I walked there after breakfast, keeping to the packed sand above the surf line. The house was just past the rocky groin that marked the township boundary.  

 

It was big and homey, a summer residence from another era, the grey walls sun-bleached to white, a porch with rocking chairs and a cushioned swing seat. I knocked on the door and then stood back on the boardwalk so they could see me. A window opened on the second floor and a woman, thirtyish, leaned out over the sill.


   “Yes?” 


   “I heard you might be looking for a mother’s help.” 


A second window shot open and a girl my age with shiny brown hair leaned out and said, not to me, but to the woman at the other window, “You’re already looking for a new me?”  
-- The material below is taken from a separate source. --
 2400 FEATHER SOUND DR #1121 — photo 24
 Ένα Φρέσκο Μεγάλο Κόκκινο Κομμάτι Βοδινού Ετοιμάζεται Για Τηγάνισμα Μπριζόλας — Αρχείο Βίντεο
   “A different you,” the woman said. “A happy you. 


   “Don’t go away,” the woman told me. She withdrew her head but the girl stayed where she was, her arms folded on the sill. We looked at each other for a few seconds and then she said, without resentment, “They’re really nice but it’s too much work. For me, at least. Maybe it’ll be okay for you.” 


   “I just got fired from my job, too. But they weren’t nice.” 


   “I’m June,” she said. 


“Ellen.” 


The woman came out onto the porch.  She was pretty and finely made, but so enormously pregnant she looked like a beach ball on legs.  
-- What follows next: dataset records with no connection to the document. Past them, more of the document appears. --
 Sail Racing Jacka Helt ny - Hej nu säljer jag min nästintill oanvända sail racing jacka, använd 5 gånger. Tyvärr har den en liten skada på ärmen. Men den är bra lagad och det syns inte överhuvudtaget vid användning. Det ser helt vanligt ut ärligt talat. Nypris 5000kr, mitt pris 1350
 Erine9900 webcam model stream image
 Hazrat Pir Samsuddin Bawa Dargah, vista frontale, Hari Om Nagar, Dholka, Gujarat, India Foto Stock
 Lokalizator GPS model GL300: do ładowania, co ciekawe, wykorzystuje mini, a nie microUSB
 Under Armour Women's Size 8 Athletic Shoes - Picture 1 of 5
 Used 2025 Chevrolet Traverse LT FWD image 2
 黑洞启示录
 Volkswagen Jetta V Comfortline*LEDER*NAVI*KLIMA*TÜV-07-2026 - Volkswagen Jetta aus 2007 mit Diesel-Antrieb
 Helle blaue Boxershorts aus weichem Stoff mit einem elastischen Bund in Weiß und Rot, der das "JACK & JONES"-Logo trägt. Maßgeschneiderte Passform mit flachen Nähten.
   “Come in,” she said. “June can tell you how awful we are and why you’d never want to work for us.” 

  

Of course I took the job. She and her husband were actors, familiar faces if you watched the soaps. They had a robust, cheerful three-year-old and it was due to inexperience rather than malice that they’d overworked June. Having learned their lesson with her they bent over backwards to accommodate me: a decent salary, afternoons off, dinners with their amusing actor friends and – an unexpected plus – a big house to throw parties when they went back to the city for rehearsals and doctor’s appointments.  

 

They had arranged for June to work for friends of theirs, and she and I agreed to meet up with ‘our’ children that first day. 

 

We fell into a routine that quickly locked in place. 

 

Mornings, we took the children to the bay. While they paddled in the calm, shallow water, we talked about boys and books and our parents. My angry mother. Her cold stepfather. Afternoons, free of our charges, we hung out at the ocean-side beach, body surfing and talking to our favourite lifeguards. The nights we didn’t have to babysit we went dancing (the Island bars took a relaxed view of the legal drinking age) and when the bars closed we ran down the sandy slope of the beach, pulling off the clothes we’d sweated through on the dance floor, diving into the oncoming waves.  

 

Sometimes a kind of entourage followed us out of the bar and into the sea – lifeguards and other mother’s helps – but more often it was just the two of us.  There was a baptismal edge to our immersion, a sense, never acknowledged, of having reverted to our younger less knowing selves. 

 

Also unspoken was the fact of our instant, elemental connection the morning I stood on the boardwalk and she leant out over the sill. A jolt of recognition, a tacit understanding we would always be in each other’s lives.